David Spady and Sarah Polifka have survived a tough several months in 2012. Both their fathers died within a four-month span of each other last spring and summer.

But the Hays couple is looking forward to Christmas -- and the new year -- with a renewed vigor.

Spady and Polifka have re-opened Chestnut Street Kitchens at 1310 Main, a store David's dad ran in conjunction with his floral business, Dwayne's Designs, next door to the south.

If genetics have anything to do with it, Hays can count on a new successful business downtown.

Spady is the son of popular longtime Hays florist Dwayne Spady, who died in May while delivering flowers to a funeral. Polifka is the daughter of Frank Polifka, who died in August after a short bout with cancer.

Frank Polifka, a successful local farmer, patented the Windhexe, or tornado in a can -- an upside-down cone with an air force that creates a "tornado in a can" that pulverizes into a fine powder whatever you put into it.

So it's no wonder his youngest daughter said, "I always like a challenge."

When Dwayne Spady died, no one in the family had interest in keeping open his floral business.

"Dwayne's Designs wasn't anything without Dwayne," Polifka said.

While the family was trying to finalize the closing of Dwayne's Designs after his death, the couple came up with the idea to at least keep open Chestnut Street Kitchens.

"It was a day thing, pretty spontaneous," Spady's youngest son said.

Dwayne Spady had opened his floral design business in downtown Hays in 1994 and later rented, then bought, a small building just to the north of his business.

That building started as a storage area that eventually evolved into a separate business that featured a line of gourmet foods and spices, drinks such as teas and coffees, as well as salsa and dips, some cookware and other kitchenware-type products.

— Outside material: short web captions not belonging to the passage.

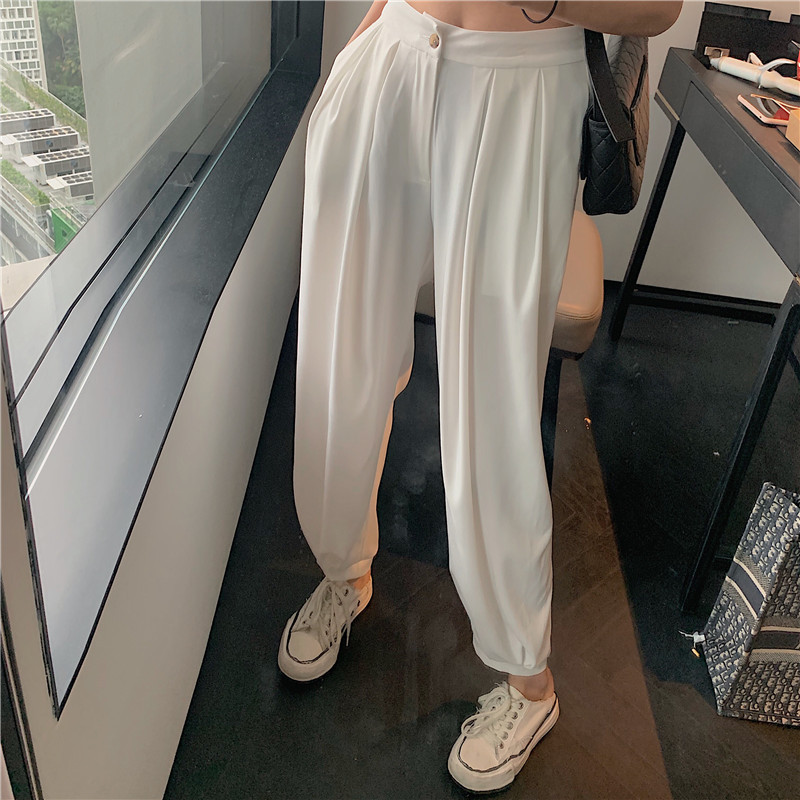 Pantalon léger femme - Ref 3430240 Image 1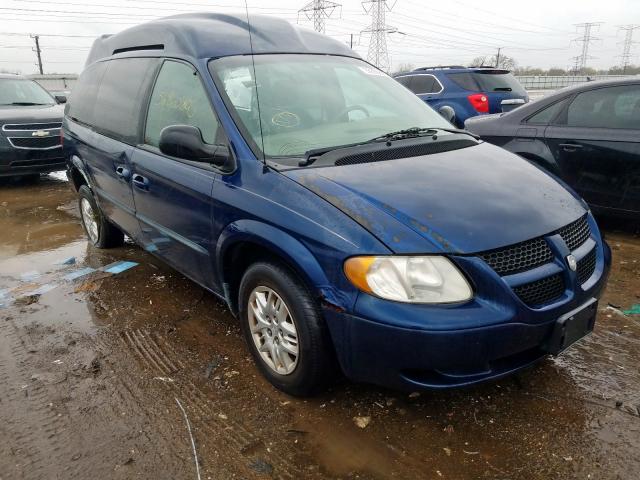 Dodge grand caravan 2002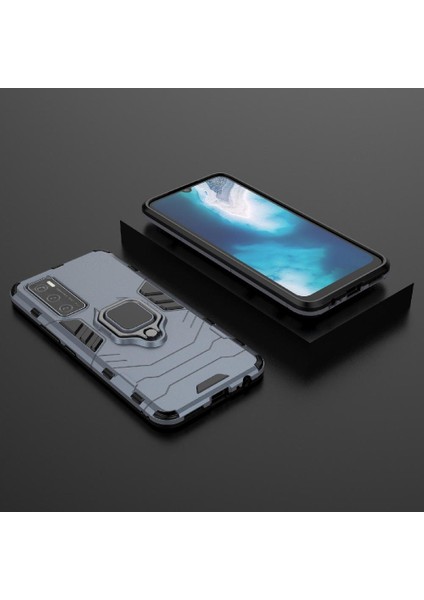 Vıvo V20 Se Kickstand Darbeye Kapak Için Kılıf Askeri Damla Koruma (Yurt Dışından) fırsatları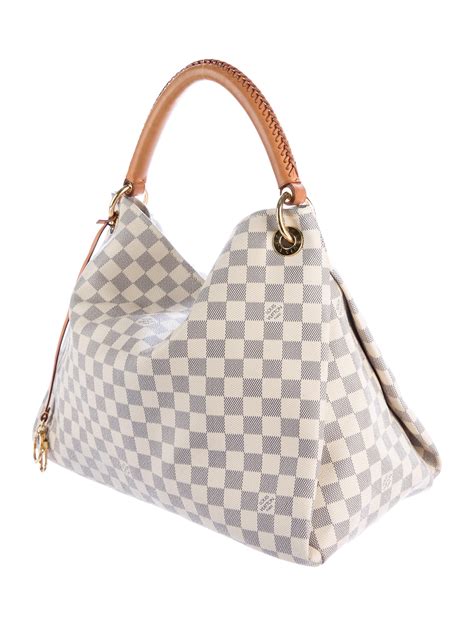 louis vuitton artsy mm damier azur price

Spady is inventory manager at Lang Diesel in Hays, so Polifka handles most of the face-to-face customer business.

She works downtown six days a week, working around her schedule at Applebee's, where she handles three shifts a week as a bartender.

While they decided to keep the same name, Chestnut Street Kitchens has taken on a new look with a vinyl hardwood-looking floor and fresh paint. Several of the fixtures are different, too, and the former ones have been painted.

"We redid all the fixtures to meet our style," Polifka said while grinding coffee beans for a customer on the spot recently.

The business still features many of the same lines as before, as well as new ones. There are salsa and dips, in addition to drink mixes and popcorn, bar soap and kitchen gadgets and even fresh chocolate truffles.

Chestnut Street Kitchens also now can exchange cartridges for SodaStream soda makers.

"We want it to be a one-stop kind of shop," Polifka said. "A place for any occasion."

With the exception of Sunday, when it is closed, the store opens every day at 10:30 a.m. It's open until 2:30 p.m. every day except Friday, when those hours are extended to 5:30.

While store hours are different than most businesses, Polifka said she tried to keep them as regular each day as she could along with working her other job. Besides, this is no regular downtown business.

It's definitely a gourmet shop; you don't come here for your groceries," she said. "For us, this is for fun, to keep open Dwayne's business."

"We just wanted to keep it alive," his son said.